■ **Exercise requirements**
The records that follow are to be given again exactly. Do not carry over any image.

(Short web captions)
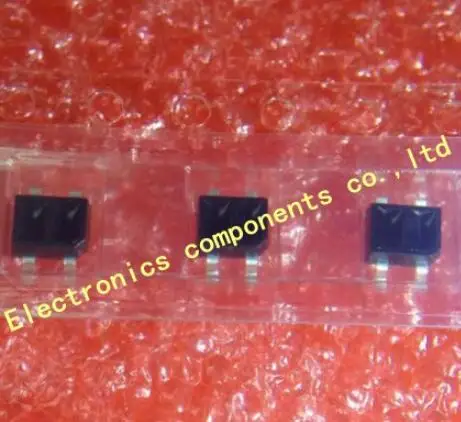 

Free shipping 50pcs/lot QRE1113GR QRE1113 SMD Best quality Best quality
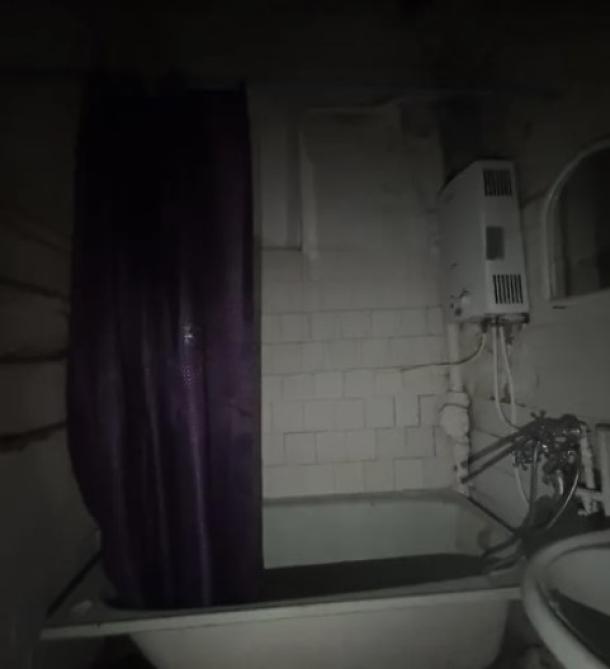 Квартира, 2-кімн., Харьков, Госпром, Данилевского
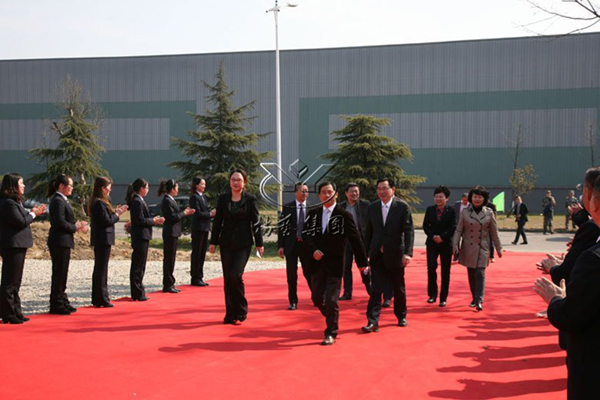 银娱优厚会717(中国)股份有限公司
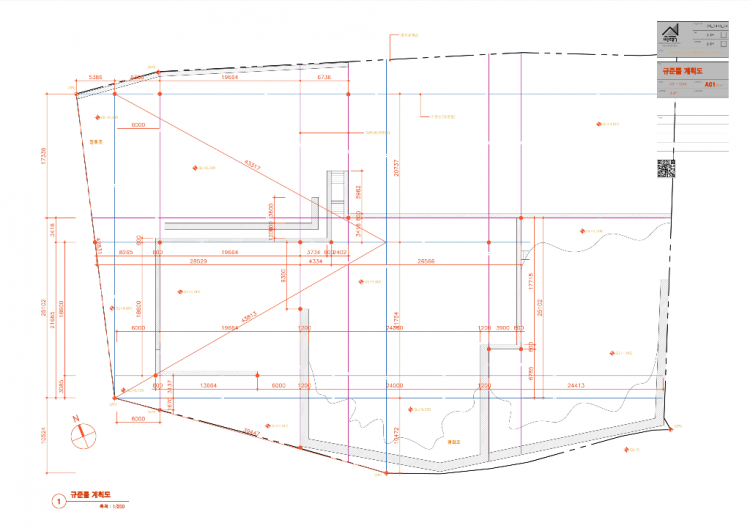 규준틀 계획도(비온후풍경).PNG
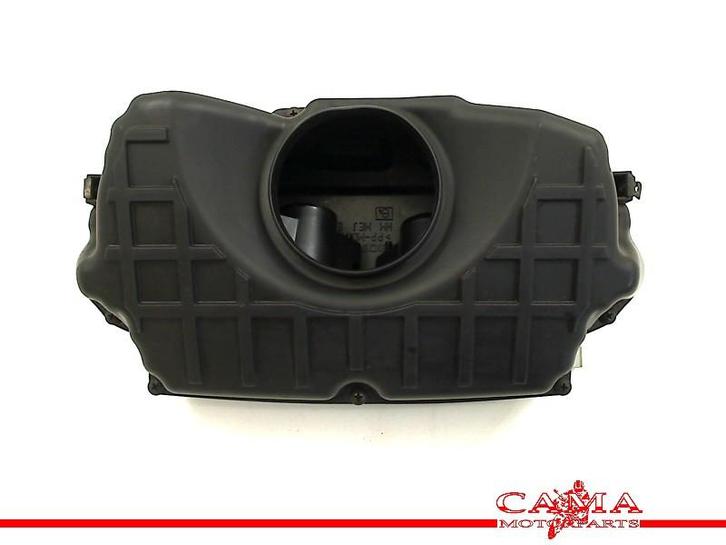 LUCHTFILTERHUIS Honda CB1300 (01-1970/-), Motoren, Onderdelen | Honda, Gebruikt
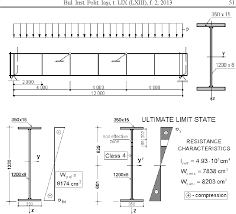 Compoziţie, specificaţii şi criterii de conformitate ale cimenturilor uzuale. Selection Of Structural Steel Toughness According To Sr En 1993 1 10 2005 Semantic Scholar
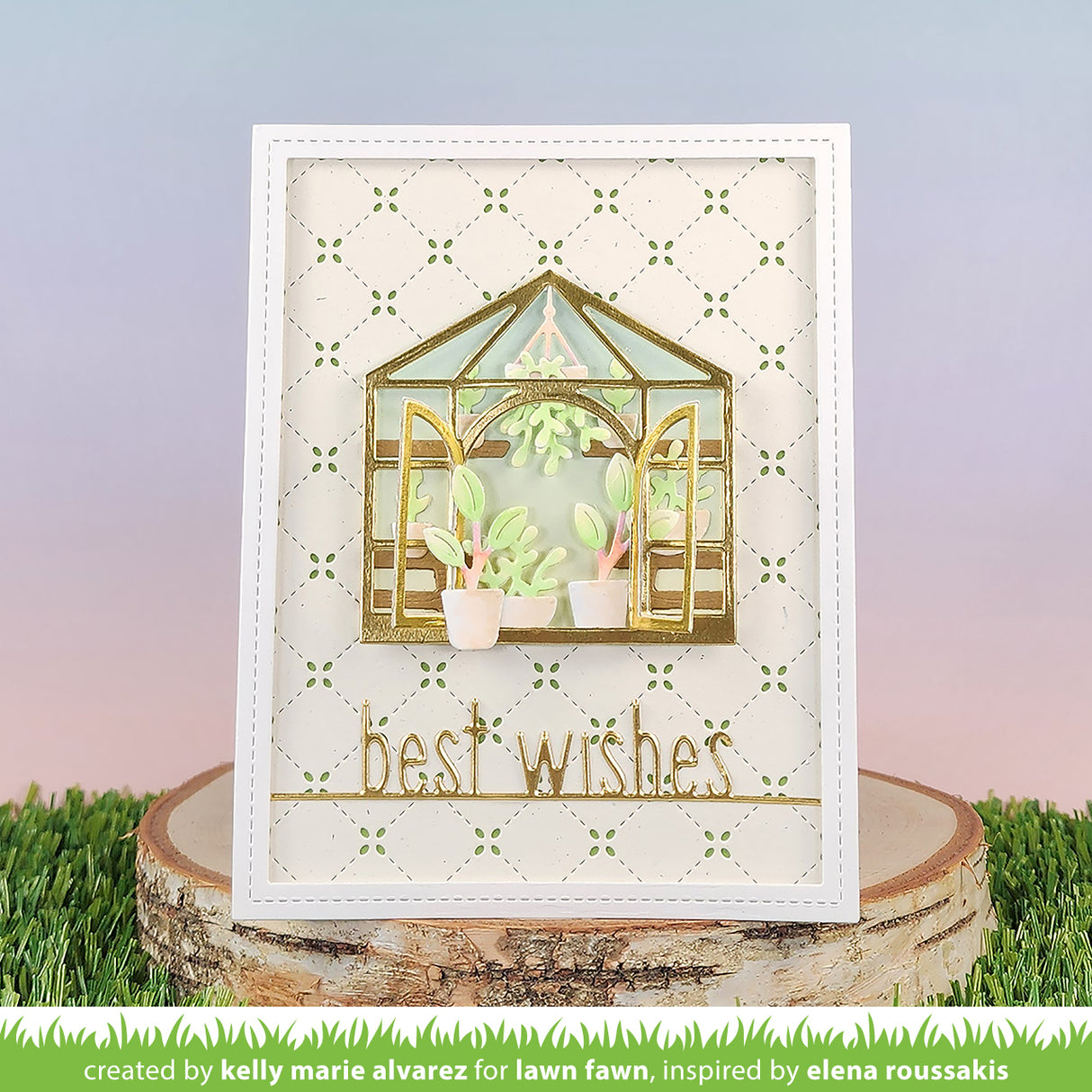 build-a-greenhouse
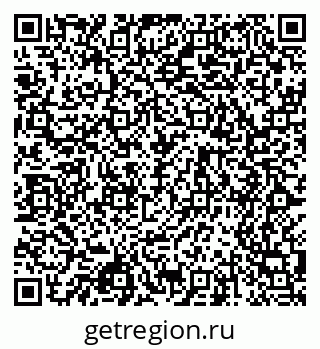 79068543810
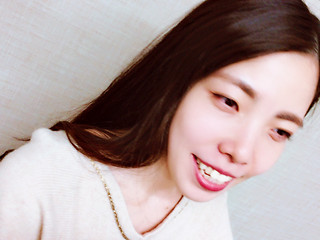 ライブチャット WAKApia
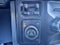 2024 Ford F-150 Tremor 4x4 SuperCrew Cab 5.5 ft. box 145 in. WB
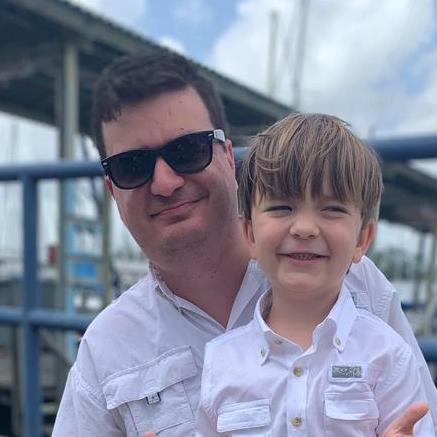 Github Nanabingies Simple Hypervisor A Simple Intel Hypervisor - Premium Light Art Gallery - 8K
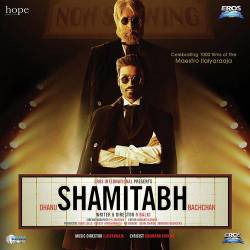 Shamitabh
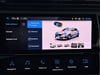Photo de la voiture PEUGEOT 308 SW PureTech 130ch S&S EAT8 Allure Pack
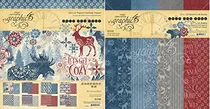 Comprar Paquete De Manualidades Con Patrones Y Patrones De Graphic 4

■ **Output of the exercise**
Free shipping 50pcs/lot QRE1113GR QRE1113 SMD Best quality Best quality
 Квартира, 2-кімн., Харьков, Госпром, Данилевского
 银娱优厚会717(中国)股份有限公司
 규준틀 계획도(비온후풍경).PNG
 LUCHTFILTERHUIS Honda CB1300 (01-1970/-), Motoren, Onderdelen | Honda, Gebruikt
 Compoziţie, specificaţii şi criterii de conformitate ale cimenturilor uzuale. Selection Of Structural Steel Toughness According To Sr En 1993 1 10 2005 Semantic Scholar
 build-a-greenhouse
 79068543810
 ライブチャット WAKApia
 2024 Ford F-150 Tremor 4x4 SuperCrew Cab 5.5 ft. box 145 in. WB
 Github Nanabingies Simple Hypervisor A Simple Intel Hypervisor - Premium Light Art Gallery - 8K
 Shamitabh
Photo de la voiture PEUGEOT 308 SW PureTech 130ch S&S EAT8 Allure Pack
 Comprar Paquete De Manualidades Con Patrones Y Patrones De Graphic 4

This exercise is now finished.